» **Source information**
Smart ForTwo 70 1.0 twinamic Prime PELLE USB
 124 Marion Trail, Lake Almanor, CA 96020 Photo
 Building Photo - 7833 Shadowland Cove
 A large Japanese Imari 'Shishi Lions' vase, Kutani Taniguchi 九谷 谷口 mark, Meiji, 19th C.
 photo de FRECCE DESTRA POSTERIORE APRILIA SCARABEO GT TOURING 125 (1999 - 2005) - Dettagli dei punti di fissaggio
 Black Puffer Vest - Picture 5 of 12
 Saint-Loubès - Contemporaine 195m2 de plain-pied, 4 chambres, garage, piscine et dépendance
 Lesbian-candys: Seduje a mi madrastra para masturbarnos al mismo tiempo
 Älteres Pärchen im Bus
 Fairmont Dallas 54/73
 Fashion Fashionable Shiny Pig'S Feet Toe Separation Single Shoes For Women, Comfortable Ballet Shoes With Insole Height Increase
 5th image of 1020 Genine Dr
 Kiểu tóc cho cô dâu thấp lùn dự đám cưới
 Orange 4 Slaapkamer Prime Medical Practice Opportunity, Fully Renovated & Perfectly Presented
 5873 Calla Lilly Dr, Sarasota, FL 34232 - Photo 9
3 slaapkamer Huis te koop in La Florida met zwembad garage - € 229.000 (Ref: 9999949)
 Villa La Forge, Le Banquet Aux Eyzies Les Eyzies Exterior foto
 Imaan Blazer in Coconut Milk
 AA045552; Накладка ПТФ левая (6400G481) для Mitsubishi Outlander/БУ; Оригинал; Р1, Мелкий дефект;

» **Task statement**
The assignment is to restate, word for word, each line from the one containing "Saint-Loubès - Contemporaine" through the final line of the material above.

» **Solution to the exercise**
 Saint-Loubès - Contemporaine 195m2 de plain-pied, 4 chambres, garage, piscine et dépendance
 Lesbian-candys: Seduje a mi madrastra para masturbarnos al mismo tiempo
 Älteres Pärchen im Bus
 Fairmont Dallas 54/73
 Fashion Fashionable Shiny Pig'S Feet Toe Separation Single Shoes For Women, Comfortable Ballet Shoes With Insole Height Increase
 5th image of 1020 Genine Dr
 Kiểu tóc cho cô dâu thấp lùn dự đám cưới
 Orange 4 Slaapkamer Prime Medical Practice Opportunity, Fully Renovated & Perfectly Presented
 5873 Calla Lilly Dr, Sarasota, FL 34232 - Photo 9
3 slaapkamer Huis te koop in La Florida met zwembad garage - € 229.000 (Ref: 9999949)
 Villa La Forge, Le Banquet Aux Eyzies Les Eyzies Exterior foto
 Imaan Blazer in Coconut Milk
 AA045552; Накладка ПТФ левая (6400G481) для Mitsubishi Outlander/БУ; Оригинал; Р1, Мелкий дефект;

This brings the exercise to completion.